WORK REQUEST: Since the pictures are not wanted, copy only the text of every record exactly.

Short text fragments from websites:

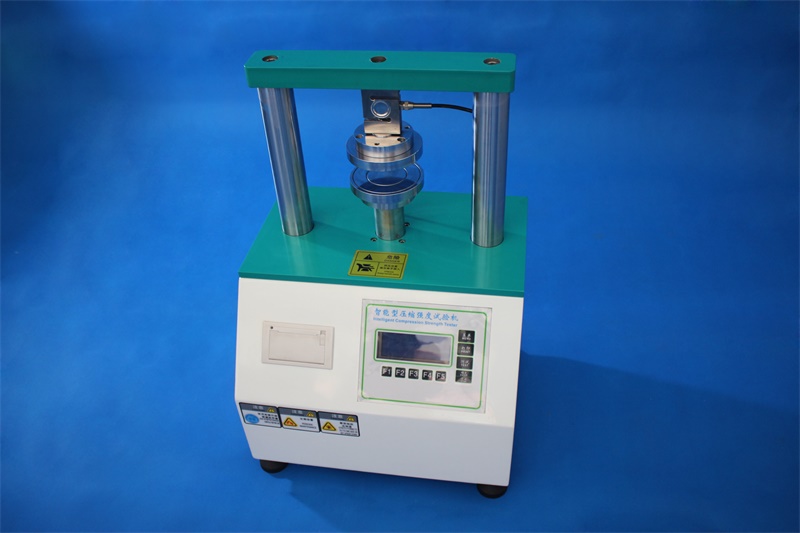 智能型紙板邊壓強度測試儀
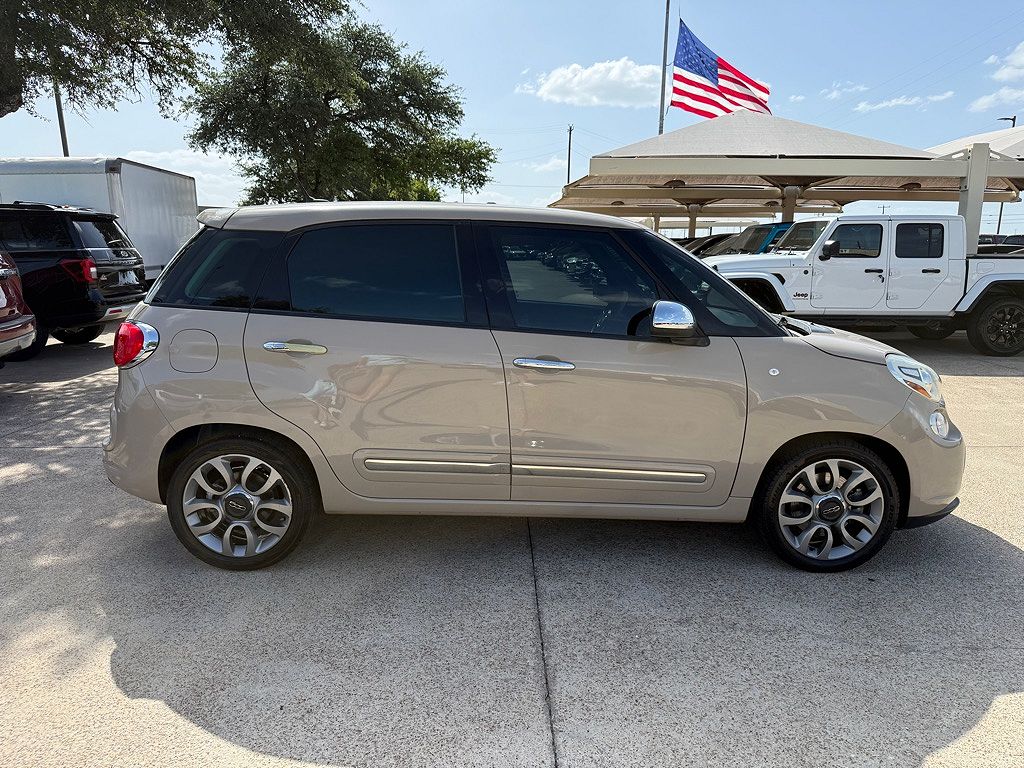 2014 Fiat 500L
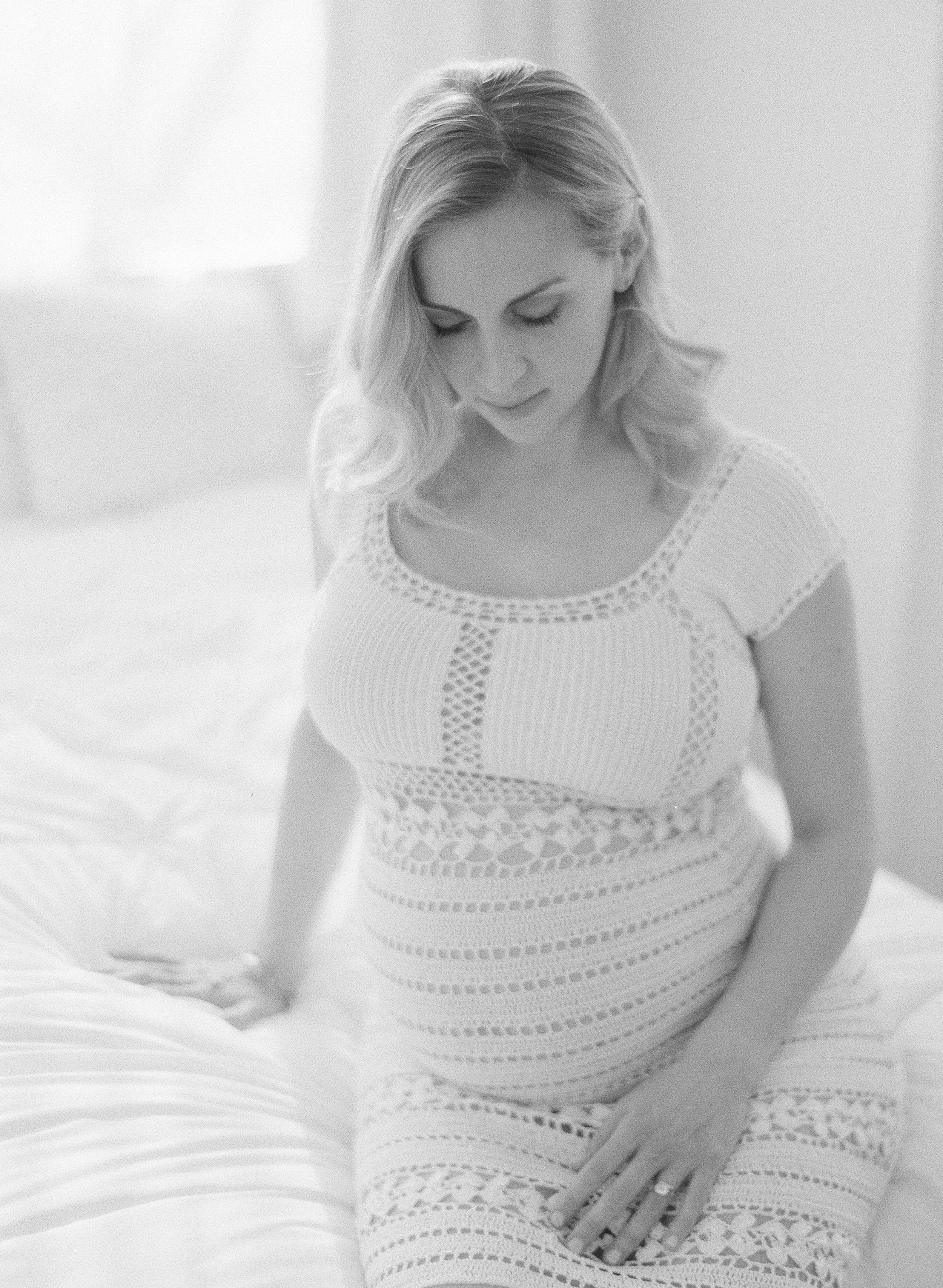 Nude, Draped, or Clothed? How to Choose Your Maternity Photography Style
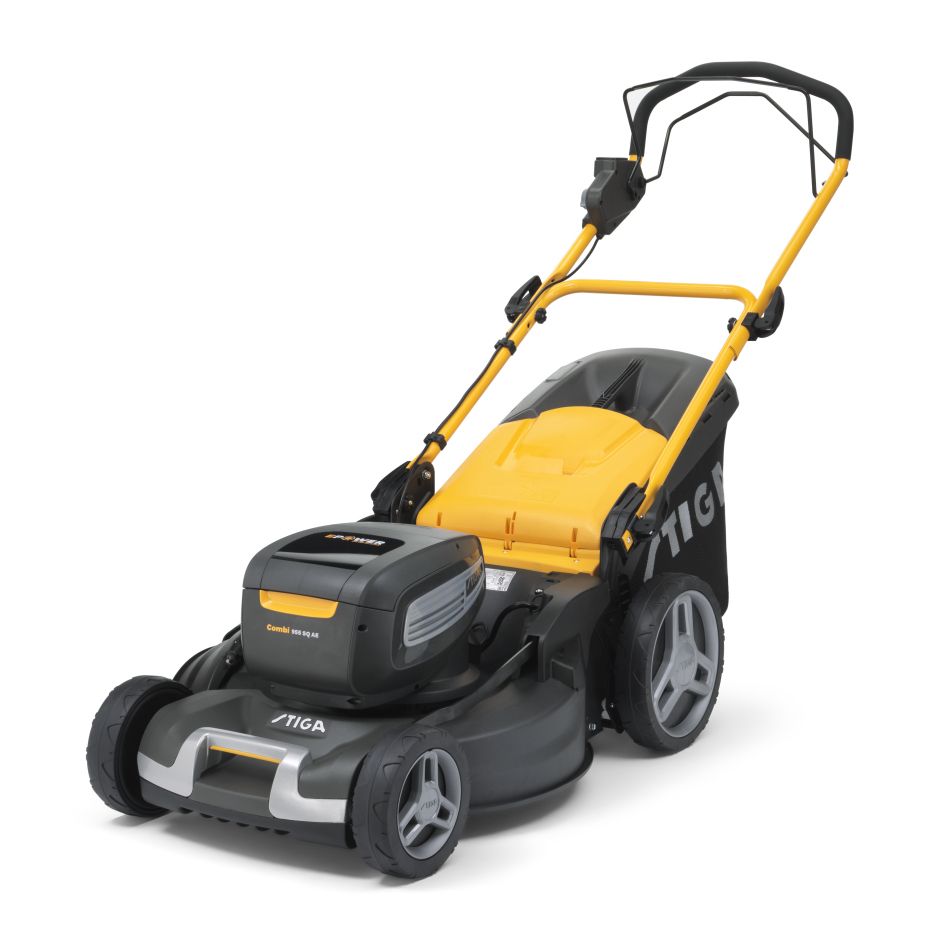 STIGA COMBI 955 SQ AE, Akku-Rasenmäher STIGA COMBI 955 SQ AE, Akku-Rasenmäher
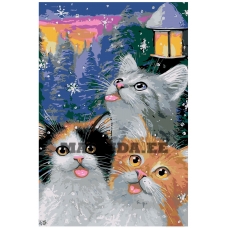 Maalid numbrite järgi A454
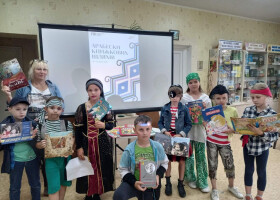 Обідня казка: #тижденьчитання2025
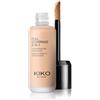 KIKO Milano Full Coverage 2-in-1 Fondotinta liquido 25 ml 15 Neutral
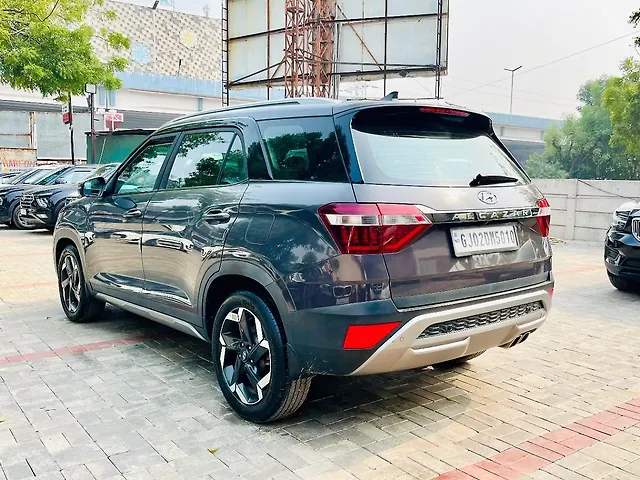 Used Hyundai Alcazar [2021-2023] Platinum 7 STR 1.5 Diesel in Ahmedabad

WRITTEN ANSWER:
 智能型紙板邊壓強度測試儀
 2014 Fiat 500L
 Nude, Draped, or Clothed? How to Choose Your Maternity Photography Style
 STIGA COMBI 955 SQ AE, Akku-Rasenmäher STIGA COMBI 955 SQ AE, Akku-Rasenmäher
 Maalid numbrite järgi A454
 Обідня казка: #тижденьчитання2025
 KIKO Milano Full Coverage 2-in-1 Fondotinta liquido 25 ml 15 Neutral
 Used Hyundai Alcazar [2021-2023] Platinum 7 STR 1.5 Diesel in Ahmedabad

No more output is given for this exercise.